Fairgrounds officials proposed replacing the landscaping with a chain-link fence that would vary in height from 6 to 8 feet and be covered with green vinyl privacy slats and topped with barbed wire.
That prompted several Solana Beach residents who live directly across Via de la Valle to contact the city of Del Mar, which had to approve the project because the fence will be installed in that city’s public right of way.
“While I certainly understand the need for security, I am quite certain that, with the sense of beauty that is instilled in anyone living in our communities, a more aesthetically pleasing solution can be found,” Richard Plush wrote in an email. “With creativity, the necessary protection that is desired can be obtained without offering a fortress-like appearance.”
“While we are not opposed to some type of barrier along the northern boundary of the Fairgrounds, an eight foot high chain link fence topped with barbed wire would project an unwelcoming prison-like appearance rather than meeting the Solana Beach community objective of being ‘focused on maintaining a pristine and family-friendly atmosphere,’” stated Lynette and John Flynn.
“We’re the ones looking at it,” Donna Glenn said. “That’s really asking us to look at a giant green, ugly fence with barbed wire.
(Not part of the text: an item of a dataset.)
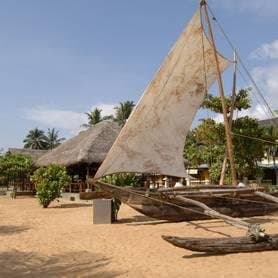 Browns Beach Hotel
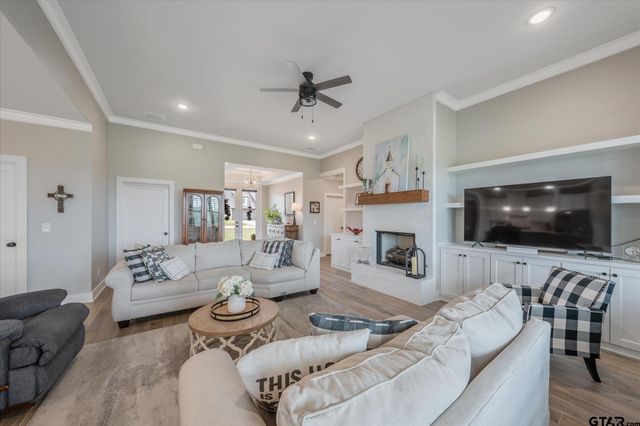 16306 Rainier, Lindale, TX 75771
It looks like a prison. … We’re not comfortable with it. It’s very disconcerting.”
In response, Gary Reist, fairgrounds deputy general manager of operations, agreed at the May 16 Del Mar City Council meeting to eliminate the barbed wire and limit the height of the fence to 6 feet above the sidewalk elevation.
Landscaping that will eventually cover the entire wall will also be added. But Reist said there is a need to get the fence up as soon as possible.
“The goal of this project is to have a safe, secure and beautiful landscape perimeter fence,” he said. “Right now it is exposed and there is a sense of urgency to get this installed before the horses arrive for the race season.”
“The intention is to screen the fence as much as possible without creating a vegetation wall that would push pedestrians off the sidewalk,” added landscape architect Jackie Higgins.
“It’s not the most beautiful fence but I understand it’s necessary to screen the property and it does have a public safety benefit,” Del Mar Councilman Don Mosier said. “Eventually this will be a reasonably good-looking fence.
“I don’t think there were great views before,” he added. “Within two or three years it’s going to be back to an improved view.”
The project cleared the final hurdle when it received approval from Del Mar’s Design Review Board on May 25. That group conditioned its authorization on a subcommittee reviewing the final landscape design plans to ensure full coverage in a reasonable amount of time.
There were also concerns about maintenance.
“We will maintain the landscaping to a proper height,” Reist said at the DRB meeting. “Very little of that fence will be exposed if any.
“We want to be a good neighbor,” he said. “We are committed to a continuous landscape to hide it so you won’t see the fence. … We want to do the best we possibly can to have everybody proud of Solana Beach and Del Mar.”
Russ Penniman, president of the fairgrounds board of directors, made a similar promise to the Solana Beach City Council at the May 25 meeting.
“We’ll get the biggest plants we can,” he said.
“I am very pleased that the original idea of barbed wire is no longer a consideration,” Glenn said. “I have concerns about several areas when I see no room for landscape.
“I also wonder about the need for privacy slats beyond the paddock area since the reason stated was to protect the horses from visual distractions,” she added. “I wish that the entire Via de la Valle street did not have to have such an industrial-grade fence, but I do understand that the new sidewalk created new safety concerns. Compromise is one of life’s realities.
The estimated project cost to the fairgrounds is $250,000. Del Mar agreed to waive $3,300 in permit fees.